Quick Links

Push down Aggregates below joins

From:	Heikki Linnakangas <hlinnaka(at)iki(dot)fi>
To:	pgsql-hackers <pgsql-hackers(at)postgresql(dot)org>
Subject:	Push down Aggregates below joins
Date:	2018-06-20 20:12:51
Message-ID:	c165b72e-8dbb-2a24-291f-113aeb67b76a@iki.fi
Views:	Whole Thread \| Raw Message \| Download mbox \| Resend email
Thread:
Lists:	pgsql-hackers

Currently, the planner always first decides the scan/join order, and
adds Group/Agg nodes on top of the joins. Sometimes it would be legal,
and beneficial, to perform the aggregation below a join. I've been
hacking on a patch to allow that.

For example:

create temp table a (id int4 primary key);
create temp table b (id int4);

insert into a select g from generate_series(1, 1000) g;
insert into b select g/10 from generate_series(1, 10000) g;
analyze a,b;

explain select b.id from a, b where a.id = b.id group by b.id;

Currently, you get a plan like this:

QUERY PLAN
-----------------------------------------------------------------------
HashAggregate (cost=323.64..333.65 rows=1001 width=4)
Group Key: b.id
-> Hash Join (cost=27.50..298.66 rows=9990 width=4)
Hash Cond: (b.id = a.id)
-> Seq Scan on b (cost=0.00..145.00 rows=10000 width=4)
-> Hash (cost=15.00..15.00 rows=1000 width=4)
-> Seq Scan on a (cost=0.00..15.00 rows=1000 width=4)
(7 rows)

With the patch, you get a plan like this:

QUERY PLAN
-------------------------------------------------------------------------
Hash Join (cost=192.52..221.27 rows=9990 width=4)
Hash Cond: (a.id = b.id)
-> Seq Scan on a (cost=0.00..15.00 rows=1000 width=4)
-> Hash (cost=180.01..180.01 rows=1001 width=4)
-> HashAggregate (cost=170.00..180.01 rows=1001 width=4)
Group Key: b.id
-> Seq Scan on b (cost=0.00..145.00 rows=10000 width=4)
(7 rows)

This is faster, because you need to join fewer rows. (That's not
reflected in the cost estimates above; cost estimation is not done
properly in this prototype yet.)

Implementation
--------------

Move the responsibility of planning aggregates from the "upper stages",
in grouping_planner(), into scan/join planning, in query_planner().
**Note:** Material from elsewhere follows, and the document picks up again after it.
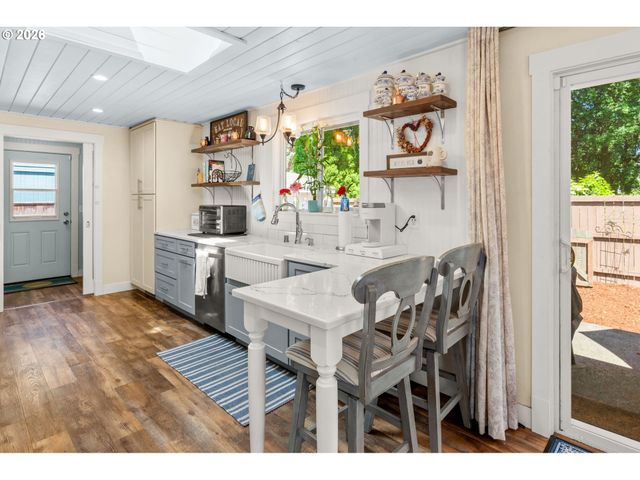 1385 RIVER BEND Rd, Salem, OR 97304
In query_planner(), after building the RelOptInfo for a scan or join
rel, also build a grouped RelOptInfo to shadow each RelOptInfo (if
aggregation can be done at that rel). The grouped RelOptInfo is stored
in a new 'grouped_rel' field in the parent RelOptInfo.

A grouped rel holds Paths where the grouping/aggregation is already
performed at that node, or below it. For a base rel, it represents
performing the aggregation on top of the scan, i.e. the Paths are like
Agg(Scan). For a grouped join rel, the paths look like an Agg(Join(A,
B)), or Join(Agg(A), B).

The first three of the attached patches just move existing code around.
The fourth patch contains the actual feature.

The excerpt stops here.